== Problem details ==
For this task, extract exactly the lines of the data below, from the line containing "een slaapkamer met" through the last one, with pictures left out.

[Items from a dataset]
◇ ◇ ◇ ◇

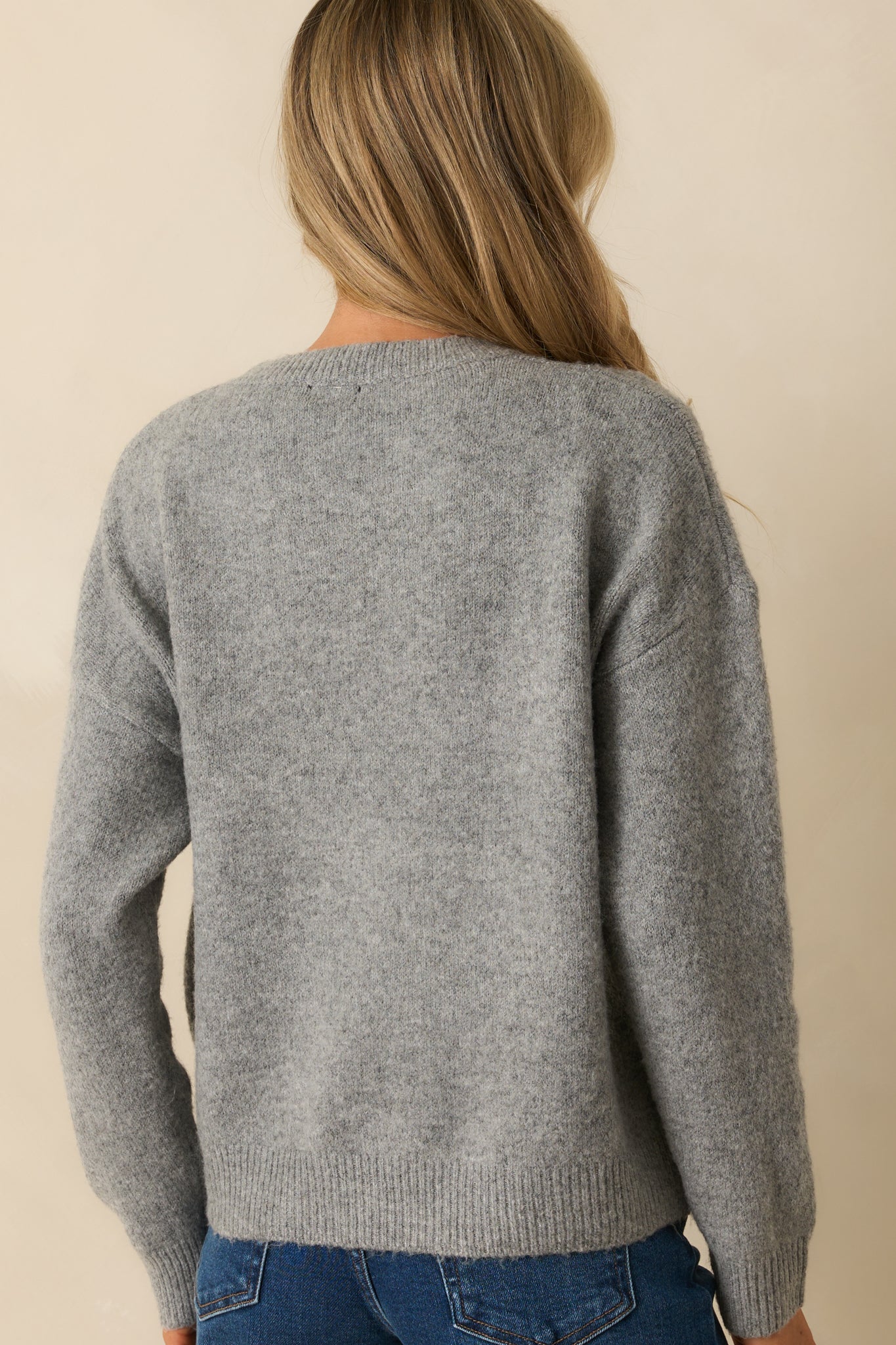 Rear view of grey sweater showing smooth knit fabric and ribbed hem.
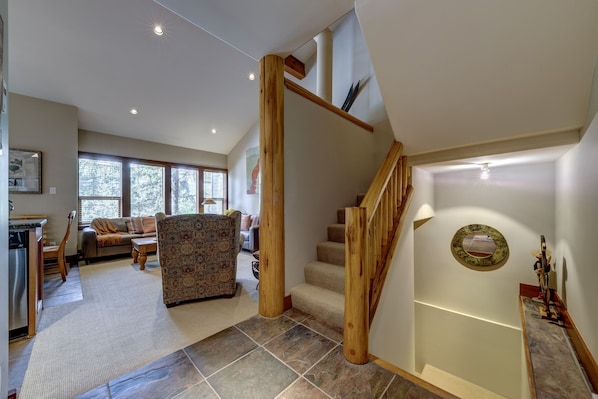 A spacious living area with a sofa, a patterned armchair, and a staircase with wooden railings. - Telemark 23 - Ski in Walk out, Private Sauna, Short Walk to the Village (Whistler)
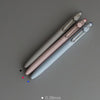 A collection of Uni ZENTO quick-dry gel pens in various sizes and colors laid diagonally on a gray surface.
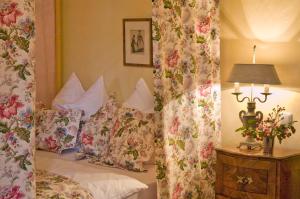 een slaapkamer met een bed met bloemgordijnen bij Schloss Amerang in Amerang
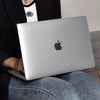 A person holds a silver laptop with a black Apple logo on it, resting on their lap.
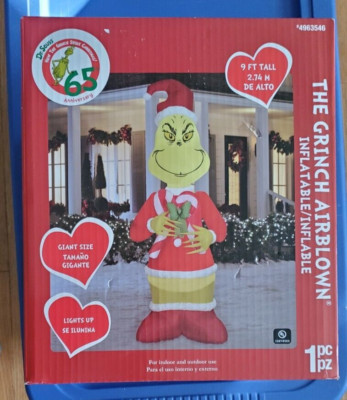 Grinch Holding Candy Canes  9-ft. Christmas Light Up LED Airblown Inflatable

◇ ◇ ◇ ◇

== Task solution ==
 een slaapkamer met een bed met bloemgordijnen bij Schloss Amerang in Amerang
 A person holds a silver laptop with a black Apple logo on it, resting on their lap.
 Grinch Holding Candy Canes  9-ft. Christmas Light Up LED Airblown Inflatable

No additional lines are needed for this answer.